La última aseveración parece, cuanto menos, mal intencionada, si se toma cuenta que algunos meses después, en octubre, Colombia fue incluida por primera vez como miembro del Consejo de Derechos Humanos de la ONU con el voto favorable de 175 naciones, lo que puede entenderse como un respaldo al primer Gobierno de esa nación que asume «con la manga al codo» el desafío de acabar la violencia, pese a los retos que aún enfrenta en ese propósito de obtener, de manera negociada, la desmovilización de todos los grupos armados irregulares que por décadas han asolado al país.
Gustavo Petro ha reiterado la denuncia formulada en octubre de que está en marcha un golpe parlamentario contra su gestión y contra el Pacto Histórico.
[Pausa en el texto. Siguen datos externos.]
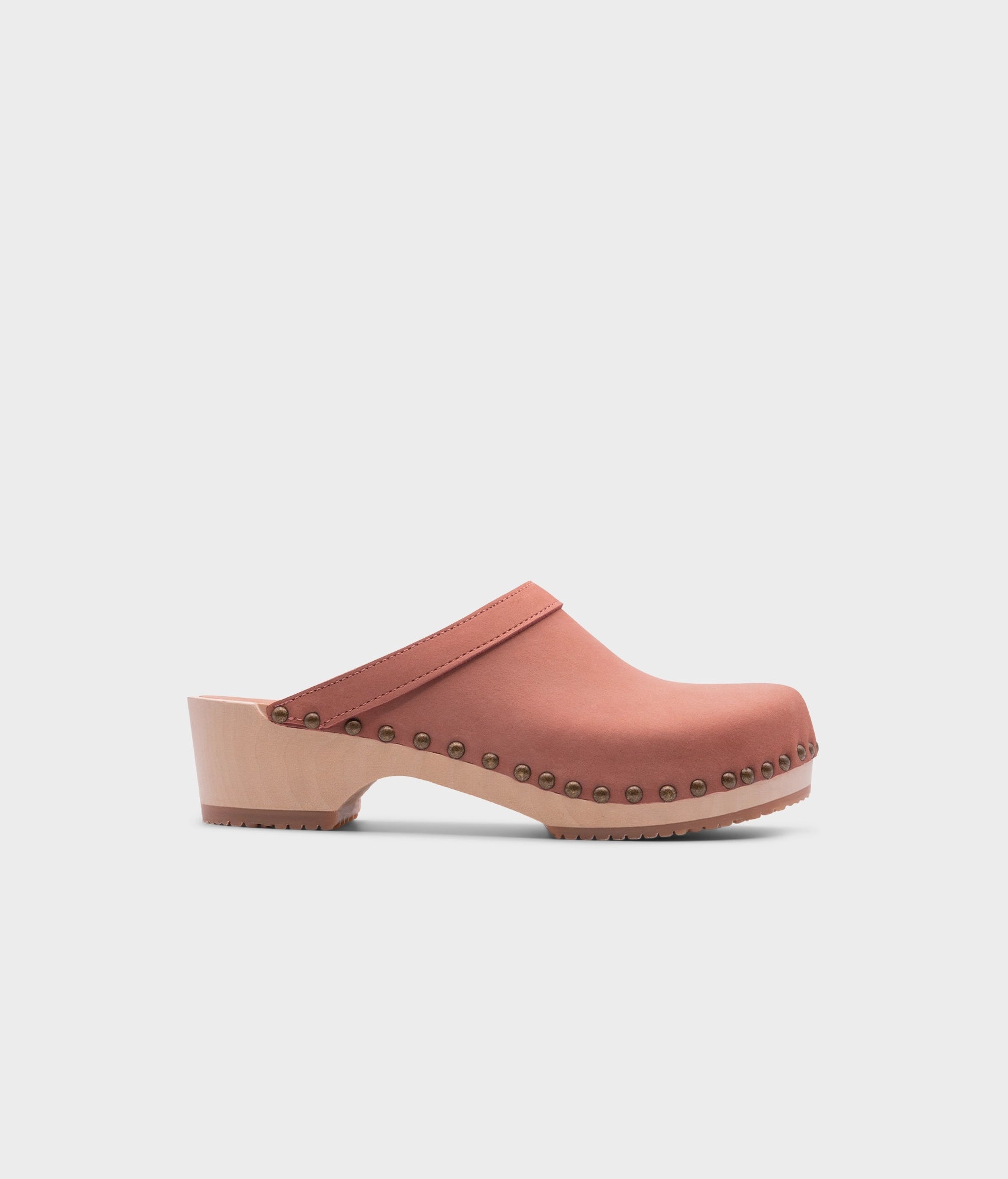 sandgrens Athens studded clog mule Blush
Hace unos días, el Consejo de Estado, identificado como máximo juez de la administración pública, negó el pedido de tutela formulado por el Presidente para sacar de las manos del Consejo Nacional Electoral (CNE) las investigaciones en torno a su acusación —dos años después de las elecciones— de que la campaña presidencial de Petro excedió el tope de gastos.
Al argumentar la petición, sus abogados habían advertido, entre otras alertas, que las indagatorias pudieran tener repercusiones más allá de una sanción administrativa e implicar la pérdida de la presidencia.
En su opinión, el proceso utiliza mecanismos administrativos para debilitar la legitimidad del mandatario, lo que implicaría un golpe de Estado indirecto, advirtieron.
Pocos días antes, el Congreso también había frenado un proyecto de reforma política que buscaba, entre otros objetivos, la elección popular de los miembros del CNE.
Petro, quien más de una vez ha hablado sobre la posibilidad de convocar a una Asamblea Constituyente, no parece contar medianamente por ahora con las condiciones necesarias para ello, en medio del vendaval desatado en su derredor y las presiones de que es blanco.
La movilización popular ha sido mencionada por él, desde hace meses, como una forma de que el electorado defienda el voto que le dio en las urnas, respaldo que más de una vez se ha visto en las calles durante su mandato.
Sin embargo, encuestas recientes insisten en una alegada pérdida de popularidad del Presidente, a cuya gestión adjudican un respaldo que habría decrecido.
En medio de tantas manipulaciones en su contra, cualquiera pudiera dudar de la legitimidad de esos sondeos.
De todas formas —y en cualquier caso—, una eventual disminución del respaldo sólido de casi 60 por ciento de los sufragios con que fue electo, sería otra consecuencia del lodo que los sectores entronizados por décadas en las altas esferas del poder de Colombia, quieren arrojar sobre su imagen.
…Y esa es otra manera de propiciar el golpe.